Mobile is now a must in store. Our Setting the Bar report found the majority of consumers associate convenience with a great shopping journey, and putting critical information at associates’ fingertips via a mobile device is paramount to providing a convenient visit. However, nearly 60% of retailers agree that while their company is embracing digital and mobile, they are not investing quickly enough to keep pace with the speed of technology change or consumer expectations, according to Oracle’s Retail Mobility Insights report.
What’s more, when retailers do make the move to mobile, the transition isn’t always flawless. Both at the corporate and store levels, culture, staffing, and store operations can all cause unanticipated bumps in the road—just consider these real-life mobile mishaps:
While working with one fashion retailer to plot a course towards mobile, we had a conversation focused on the customer experience and the ways mobile could create new opportunities to connect with shoppers. We know mobile can bring new flexibility and agility, and the idea of a tablet or mobile device in the hands of each store associate evoked the sense of a true shift in the dynamics of engaging with customers. The only problem? As the team focused on the big-picture shift, they neglected to consider the tactical realities of their boutiques. With just two associates in store at any given time, their staffing model called for one person to offer hands-on assistance to customers while the second, seated behind the cash wrap, kept their eyes on the exit to ensure no unpurchased items walked out the door. If they were to ditch the traditional register and move to a fully mobile retail POS model, they’d need to add dedicated security staff or leave one associate, tablet in hand, guarding the door.
How to Steer Clear: Every action has an equal and opposite reaction. Before a retailer makes a major change such as moving to mobile POS, it’s important to consider the potential impact of the change on everything from staffing to service, as well as potential ripple effects, such as the financial impact of hiring additional in-store security staff. A highly engaged experience is fantastic, but few retailers (other than luxury) can afford to engage one customer at a time. Taking a full view of the implications of a shift to mobile or other changes will help retailers make more informed choices.
In retail businesses like jewelry and luxury, store associates may stay with a single shopper from browsing to fitting to check out. While a mobile device can empower associates to access customer profiles, helping them provide better service, or quickly pull up endless aisles’ of complementary items to pair with a potential purchase, it also can become an impediment as a shopper’s journey comes to a close. Whether the associate heads to the back of the store to wrap up a purchase or needs a free hand to shake a high-end client’s hand, at a certain point, they may set down their device, often where a traditional register once sat. After considerable planning and investment to bring the retailer’s mobile vision to life, the journey has come full circle only to end in the same location as before.

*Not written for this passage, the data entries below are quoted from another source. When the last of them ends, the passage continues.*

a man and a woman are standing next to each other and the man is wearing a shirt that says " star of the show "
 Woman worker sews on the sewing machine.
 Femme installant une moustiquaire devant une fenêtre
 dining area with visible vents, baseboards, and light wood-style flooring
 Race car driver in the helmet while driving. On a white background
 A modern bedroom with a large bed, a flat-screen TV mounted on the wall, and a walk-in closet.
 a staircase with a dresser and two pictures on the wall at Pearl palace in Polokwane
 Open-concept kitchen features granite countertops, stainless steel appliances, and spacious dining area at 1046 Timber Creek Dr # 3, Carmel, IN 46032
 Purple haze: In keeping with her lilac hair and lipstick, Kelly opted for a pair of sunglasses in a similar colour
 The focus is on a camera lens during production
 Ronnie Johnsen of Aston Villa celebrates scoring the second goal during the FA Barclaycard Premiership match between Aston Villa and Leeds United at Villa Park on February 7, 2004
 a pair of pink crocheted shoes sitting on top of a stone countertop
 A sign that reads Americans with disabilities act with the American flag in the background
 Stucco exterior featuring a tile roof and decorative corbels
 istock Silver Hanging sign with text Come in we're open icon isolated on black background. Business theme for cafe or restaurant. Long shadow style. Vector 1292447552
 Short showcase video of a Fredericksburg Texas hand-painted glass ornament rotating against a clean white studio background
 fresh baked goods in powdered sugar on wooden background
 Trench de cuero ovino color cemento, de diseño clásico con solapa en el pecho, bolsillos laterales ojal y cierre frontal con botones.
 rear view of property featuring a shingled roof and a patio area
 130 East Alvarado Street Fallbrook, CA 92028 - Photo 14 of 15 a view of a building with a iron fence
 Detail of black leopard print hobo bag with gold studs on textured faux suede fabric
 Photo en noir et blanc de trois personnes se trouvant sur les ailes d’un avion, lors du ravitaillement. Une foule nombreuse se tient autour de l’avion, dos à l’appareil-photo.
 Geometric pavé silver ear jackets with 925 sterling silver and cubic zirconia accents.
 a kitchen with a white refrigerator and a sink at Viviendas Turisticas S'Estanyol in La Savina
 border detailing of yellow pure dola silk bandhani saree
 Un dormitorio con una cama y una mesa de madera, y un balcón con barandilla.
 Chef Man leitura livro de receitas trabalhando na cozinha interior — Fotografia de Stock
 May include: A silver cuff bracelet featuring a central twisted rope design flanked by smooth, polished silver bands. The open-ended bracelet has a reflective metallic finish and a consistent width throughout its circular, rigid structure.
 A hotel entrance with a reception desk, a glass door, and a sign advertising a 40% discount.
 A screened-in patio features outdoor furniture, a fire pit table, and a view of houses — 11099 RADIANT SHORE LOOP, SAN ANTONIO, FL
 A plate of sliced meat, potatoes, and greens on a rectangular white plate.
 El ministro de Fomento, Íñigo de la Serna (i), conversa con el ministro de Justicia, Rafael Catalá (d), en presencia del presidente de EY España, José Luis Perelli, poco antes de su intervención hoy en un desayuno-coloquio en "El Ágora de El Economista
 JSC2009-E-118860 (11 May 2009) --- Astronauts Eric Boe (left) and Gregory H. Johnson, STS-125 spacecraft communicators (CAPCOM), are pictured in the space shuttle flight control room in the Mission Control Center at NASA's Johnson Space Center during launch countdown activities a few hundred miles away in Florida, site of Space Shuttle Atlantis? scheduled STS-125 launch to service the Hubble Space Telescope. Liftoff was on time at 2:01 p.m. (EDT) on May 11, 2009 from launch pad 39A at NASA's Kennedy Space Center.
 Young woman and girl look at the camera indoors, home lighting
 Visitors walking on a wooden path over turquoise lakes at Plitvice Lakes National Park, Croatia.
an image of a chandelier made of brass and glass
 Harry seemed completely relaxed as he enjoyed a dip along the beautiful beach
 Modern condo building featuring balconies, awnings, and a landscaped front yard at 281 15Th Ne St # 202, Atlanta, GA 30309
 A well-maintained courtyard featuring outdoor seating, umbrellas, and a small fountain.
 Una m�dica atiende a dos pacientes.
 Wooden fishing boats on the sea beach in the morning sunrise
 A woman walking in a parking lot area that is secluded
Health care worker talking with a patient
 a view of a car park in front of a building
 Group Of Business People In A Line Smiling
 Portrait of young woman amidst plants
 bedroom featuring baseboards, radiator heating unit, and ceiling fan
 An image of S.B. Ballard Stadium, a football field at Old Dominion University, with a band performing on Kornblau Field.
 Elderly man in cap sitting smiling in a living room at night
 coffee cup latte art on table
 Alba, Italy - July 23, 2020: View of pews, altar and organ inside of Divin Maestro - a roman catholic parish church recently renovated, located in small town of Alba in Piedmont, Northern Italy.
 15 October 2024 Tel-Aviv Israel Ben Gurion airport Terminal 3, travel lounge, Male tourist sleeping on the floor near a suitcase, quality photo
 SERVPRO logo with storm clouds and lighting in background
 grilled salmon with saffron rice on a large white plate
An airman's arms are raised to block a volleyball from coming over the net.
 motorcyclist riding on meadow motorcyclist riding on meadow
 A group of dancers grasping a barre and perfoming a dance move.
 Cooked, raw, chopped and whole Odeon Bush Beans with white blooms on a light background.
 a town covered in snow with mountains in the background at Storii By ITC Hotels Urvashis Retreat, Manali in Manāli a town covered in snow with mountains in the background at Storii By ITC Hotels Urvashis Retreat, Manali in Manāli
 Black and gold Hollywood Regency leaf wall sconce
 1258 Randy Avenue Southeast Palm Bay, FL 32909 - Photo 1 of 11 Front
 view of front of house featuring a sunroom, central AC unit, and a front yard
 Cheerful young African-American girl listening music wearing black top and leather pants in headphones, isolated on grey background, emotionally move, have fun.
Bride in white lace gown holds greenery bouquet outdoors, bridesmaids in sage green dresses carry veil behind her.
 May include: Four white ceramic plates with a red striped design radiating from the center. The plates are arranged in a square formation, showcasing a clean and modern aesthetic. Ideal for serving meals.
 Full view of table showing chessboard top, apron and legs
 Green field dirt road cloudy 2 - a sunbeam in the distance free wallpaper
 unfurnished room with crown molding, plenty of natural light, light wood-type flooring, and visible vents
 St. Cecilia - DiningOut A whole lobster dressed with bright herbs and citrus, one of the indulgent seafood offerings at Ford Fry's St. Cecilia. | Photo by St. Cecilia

How to Steer Clear: At the outset of the journey to mobile, retailers should consider how associates interact with guests. Whether they’re buying or just browsing, associates have been trained to provide shoppers with the smoothest possible experience. If that means walking them to the cash wrap so they can pack up an item while continuing the transaction, they will, even if that means not using the mobile capabilities to their fullest.
As consumers adopt the BORIS (buy online, return in store) model and head in-store to return online purchases, many retailers face the challenge of balancing traffic from returns and new purchases alike at the register. Recently, as I accompanied a friend making an online return at a department store, I noticed he was not the only one with a box containing a past purchase in hand. In fact, of six customers in line, just one waited, at the back of the line, with an item on a hanger, ready to make a purchase. As store associates dutifully unpacked the online orders and completed the returns, the new buyer waited, likely growing more frustrated as time passed. In the hustle and bustle of handling a bevy of returns, the store staff had lost sight of one of mobile’s most prominent use cases—line busting. With a mobile POS, an associate could have stepped in, helped the guest complete his purchase and sent him on his way in a fraction of the time he might stand in line waiting out the returns.
How to Steer Clear: Retailers considering a mobile investment should consider the possibility of this and other challenging scenarios playing out in their own stores to help them understand how they unfold and where technology can lend a hand. As well, retailers should plan for flexibility so that associates have the tools they need to solve challenges on the fly—whether that means line busting with mobile or standing up a mobile scanner and printer as a pop-up return center.
Fortunately, not every mobile retail POS journey will be like these stories. With ample planning and consideration, the right strategy, and the right technology for the job at hand, mobile point of service solutions can improve the in-store experience, empower associates and create more meaningful connections along the way.